Tilt/vibration sensor: This type of sensor (which we use in "Couch Pet-Ato project) detects motion or vibrations when the switch is mounted with the body of the sensor horizontal. When the sensor detects motion, it closes a switch, just like a toggle switch works.


Technically speaking, a microphone is a kind of sensor. However, there’s a lot to say about these sound-sensing devices, so we give microphones their own section.
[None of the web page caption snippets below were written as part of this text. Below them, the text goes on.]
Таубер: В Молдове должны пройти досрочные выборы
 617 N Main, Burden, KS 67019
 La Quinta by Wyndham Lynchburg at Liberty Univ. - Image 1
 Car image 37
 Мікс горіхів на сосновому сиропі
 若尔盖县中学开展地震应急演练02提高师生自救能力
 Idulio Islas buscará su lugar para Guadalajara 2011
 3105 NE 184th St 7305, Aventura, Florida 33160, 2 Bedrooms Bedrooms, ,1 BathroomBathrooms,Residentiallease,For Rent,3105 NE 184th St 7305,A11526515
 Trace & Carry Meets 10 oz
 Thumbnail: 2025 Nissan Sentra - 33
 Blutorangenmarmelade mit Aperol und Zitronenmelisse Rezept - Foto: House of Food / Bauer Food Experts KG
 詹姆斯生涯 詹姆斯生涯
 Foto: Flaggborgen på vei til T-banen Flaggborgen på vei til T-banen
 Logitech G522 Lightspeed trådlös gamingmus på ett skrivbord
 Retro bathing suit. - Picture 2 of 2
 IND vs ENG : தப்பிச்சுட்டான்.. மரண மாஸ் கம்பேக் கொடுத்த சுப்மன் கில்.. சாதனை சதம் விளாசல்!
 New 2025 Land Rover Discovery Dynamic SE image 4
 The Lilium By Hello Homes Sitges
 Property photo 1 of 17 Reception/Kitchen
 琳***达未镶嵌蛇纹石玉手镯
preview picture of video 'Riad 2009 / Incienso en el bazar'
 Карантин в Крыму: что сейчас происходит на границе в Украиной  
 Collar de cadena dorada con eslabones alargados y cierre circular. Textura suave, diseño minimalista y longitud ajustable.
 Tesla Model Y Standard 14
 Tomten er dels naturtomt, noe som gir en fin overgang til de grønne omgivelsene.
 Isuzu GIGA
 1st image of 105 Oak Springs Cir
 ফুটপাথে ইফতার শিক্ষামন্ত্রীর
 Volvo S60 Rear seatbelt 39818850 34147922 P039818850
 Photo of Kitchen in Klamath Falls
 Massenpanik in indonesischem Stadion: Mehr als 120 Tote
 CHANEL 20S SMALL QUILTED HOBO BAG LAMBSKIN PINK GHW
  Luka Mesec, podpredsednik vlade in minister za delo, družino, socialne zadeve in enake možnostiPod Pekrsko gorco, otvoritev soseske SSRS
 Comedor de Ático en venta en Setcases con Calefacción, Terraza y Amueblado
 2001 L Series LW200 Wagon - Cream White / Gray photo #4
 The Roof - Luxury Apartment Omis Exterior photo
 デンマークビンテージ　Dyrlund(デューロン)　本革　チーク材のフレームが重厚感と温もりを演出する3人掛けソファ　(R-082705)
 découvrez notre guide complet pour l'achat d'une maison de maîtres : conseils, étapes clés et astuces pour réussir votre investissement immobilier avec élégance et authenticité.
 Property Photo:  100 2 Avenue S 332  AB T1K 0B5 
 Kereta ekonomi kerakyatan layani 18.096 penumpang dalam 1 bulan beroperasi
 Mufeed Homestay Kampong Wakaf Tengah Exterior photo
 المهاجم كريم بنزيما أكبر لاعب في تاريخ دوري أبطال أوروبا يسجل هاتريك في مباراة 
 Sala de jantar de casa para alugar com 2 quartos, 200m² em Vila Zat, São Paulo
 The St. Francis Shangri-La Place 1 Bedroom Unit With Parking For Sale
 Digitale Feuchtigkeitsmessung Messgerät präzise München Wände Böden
How condenser (capacitor) microphones work

Capacitors are kind of like a voltage sandwich in that they have two plates, with a slab of voltage between them. A so-called condenser mike (also called a capacitor microphone) contains one plate made of a very light material that acts as a diaphragm. This plate vibrates when sound waves hit it. This moves the two plates apart, which changes capacitance (the ability to store electrons). Moving the plates farther apart decreases capacitance (discharging current), and moving them together increases capacitance (charging current). Condenser microphones aren’t cheap, but they give high-quality sound, so they are often the best choice for an audio-intensive project.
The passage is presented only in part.